Private Credit for Insurers: VPC’s Differentiated Approach

Connell Hasten, Partner

When I joined Victory Park Capital almost three years ago to build and lead the firm’s insurance services platform, I never would have predicted the level of uncertainty that we would collectively experience as a result of the COVID-19 pandemic. However, what has remained constant throughout my time at VPC is our commitment to our clients and our ability to meet the unique investment needs of insurers.

In the prolonged current low-interest rate environment, private credit has become an extremely attractive asset class for insurers due to the compelling risk-adjusted returns, with no signs of allocations slowing down. In addition to investing in a credit product that maximizes risk adjusted yields, insurers also require a partner that has a full grasp of their regulatory framework.
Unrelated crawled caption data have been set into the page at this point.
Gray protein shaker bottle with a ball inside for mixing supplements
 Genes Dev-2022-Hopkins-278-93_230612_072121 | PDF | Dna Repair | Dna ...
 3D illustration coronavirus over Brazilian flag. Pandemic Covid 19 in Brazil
Because of both our credit and our insurance expertise, we are able to provide custom investment solutions for insurers that maximize risk-based capital benefits and improve target return profiles. Our tailored approach enables us to support insurers of all sizes and our proprietary origination network consistently generates investment opportunities that fit insurers’ needs.

Having sat on the insurance side of the table, I have experienced first-hand how valuable it is to have an investment manager that not only can help meet risk-adjusted returns and capital efficiency targets, but also has the knowledge to be able to provide ancillary services as needed. Regardless of economic cycles and varying degrees of uncertainty as we move forward, our client-centric focus will continue to be our number one priority.
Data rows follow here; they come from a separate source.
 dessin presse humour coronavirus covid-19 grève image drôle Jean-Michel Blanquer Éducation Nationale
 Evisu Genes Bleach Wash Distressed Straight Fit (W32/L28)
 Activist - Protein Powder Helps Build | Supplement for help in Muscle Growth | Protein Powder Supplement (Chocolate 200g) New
Portfolio Company Spotlight: Bakkt

Kinan Hayani, Principal

Four short months after we launched our first special purpose acquisition company (SPAC), VPC Impact Acquisition Holdings (VIH), we identified and announced a business combination with a differentiated high-growth fintech company. The company has a strong position in one of the most well-funded and fastest growing areas of technological expansion, digital assets and crypto currency.

Bakkt is a trusted digital asset marketplace that enables institutions and consumers to buy, sell, store and spend digital assets. Launched in 2018 by Intercontinental Exchange, Inc., the company offers a secure, regulated platform for institutions, businesses and consumers to unlock new ways to participate in the digital economy.
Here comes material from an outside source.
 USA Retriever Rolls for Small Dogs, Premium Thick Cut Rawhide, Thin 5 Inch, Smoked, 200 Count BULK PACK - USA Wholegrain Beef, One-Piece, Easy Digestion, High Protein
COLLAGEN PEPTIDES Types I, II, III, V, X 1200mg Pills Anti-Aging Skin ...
For institutions that seek the infrastructure and capabilities to access new markets, products, and digital asset ecosystems, Bakkt provides greater regulatory compliance, better price discovery, and more effective risk management for institutions. For consumers, Bakkt’s scalable platform allows for the aggregation, transferability and monetization of cryptocurrencies, merchant offers, loyalty points and gift cards. And finally, for merchant partners, Bakkt enhances the value of merchant loyalty programs and the financial controls to reduce associated financial liabilities.

At VPC, we are excited about the future for Bakkt. With a strong management team and expanding ecosystem with high caliber partners, the company is poised to be a leading, long-term player in the large and growing digital asset ecosystem.